1974, Copa do Mundo na Alemanha, o Carrossel Holandês mostrando um futebol superior aos brasileiros tricampeões. E aparece na pacata cidade de Tapera o famoso “Caminhão do Mobral”, o movimento brasileiro de alfabetização, criado pelo Governo Militar em plena Ditadura, em 1967, e que duraria até 1985.

O povo, descendentes de imigrantes Italianos e Alemães, desconfiados e ressabiados como “cachorro mordido por cobra que tem medo de lingüiça”, recebeu o projeto. Para eles era coisa de desconfiar. Seria uma cilada? Não tinha nada a ver com o método Paulo Freire! Isso era fato. Era de desconfiar. Mas sqn, como dizem hoje nas redes sociais. Teria música ao vivo e lá estava eu, de frente a um show de Rock, por vias de fato foi lá que vi as pedras rolarem pela primeira vez na vida.

O líder da banda era um artista, ator de cinema e músico chamado Rony Cócegas, o mesmo que ficou muito conhecido como o Gavião Cumbica da Escolinha do Professor Raimundo. O cara era sensacional. Cantava Chuck Berry, Little Richard, Elvis, Dylan, e outros medalhões, exceto Beatles. Ao final de suas apresentações, cantava uma música de apenas duas estrofes, o resto eram risadas, chamava-se “A Gargalhada”. Não é que deu pra tirar proveito?

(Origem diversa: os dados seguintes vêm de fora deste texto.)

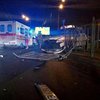 В Киеве произошло тройное ДТП, есть пострадавшие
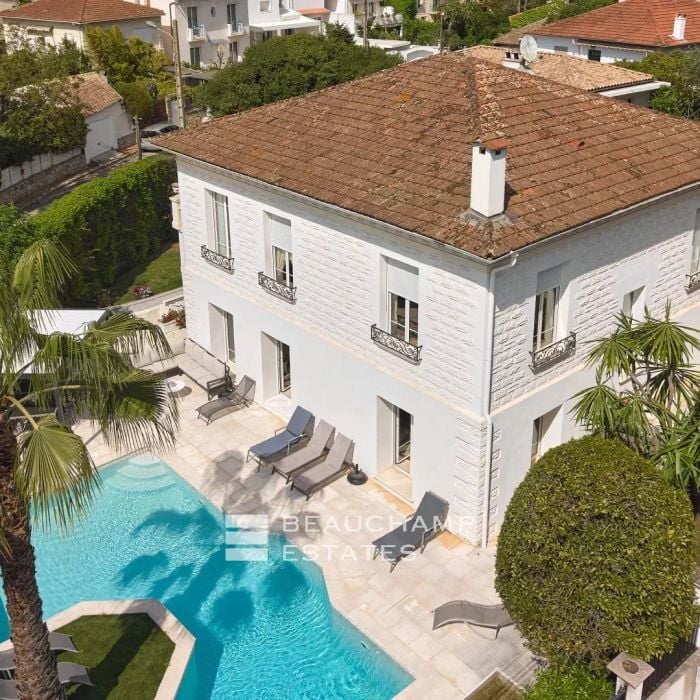 CANNES – BASSE CALIFORNIE – PROPRIÉTÉ D’EXCEPTION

A questão é que assim sempre era por lá, naqueles tempos: quando algo ou alguém ligado a qualquer órgão governamental da época por lá aparecia, a desconfiança e o receio já pairavam no ar imediatamente

E por isso conta uma história que, certo dia, apareceu um “estranho” na cidade, desembarcou na rodoviária e foi direto pra Escola de Ensino Fundamental se apresentando como fiscal do Ministério da Educação. Imediatamente começou-se a desconfiança e todos se perguntando quem de fato seria o cara. Seria do Dops? Mandado pelos militares fazer uma espionagem? Alguém ligado às atividades instituídas pelo AI-5? Que dava poder de exceção aos governantes para punir arbitrariamente os que fossem inimigos do regime ou como tal considerados?

O fato é que o sujeito, depois de apresentar-se à diretora e pedir permissão para tal, dirigiu-se até uma sala onde estava sendo ministrada uma aula de história. “E bota povo desconfiado nisso!” define bem a reação de todos os presentes ao verem “a autoridade” adentrar a sala para assistir a aula. Sentou bem ao fundo da sala, ao lado do Pedro. E Pedro encabulou-se barbaridade.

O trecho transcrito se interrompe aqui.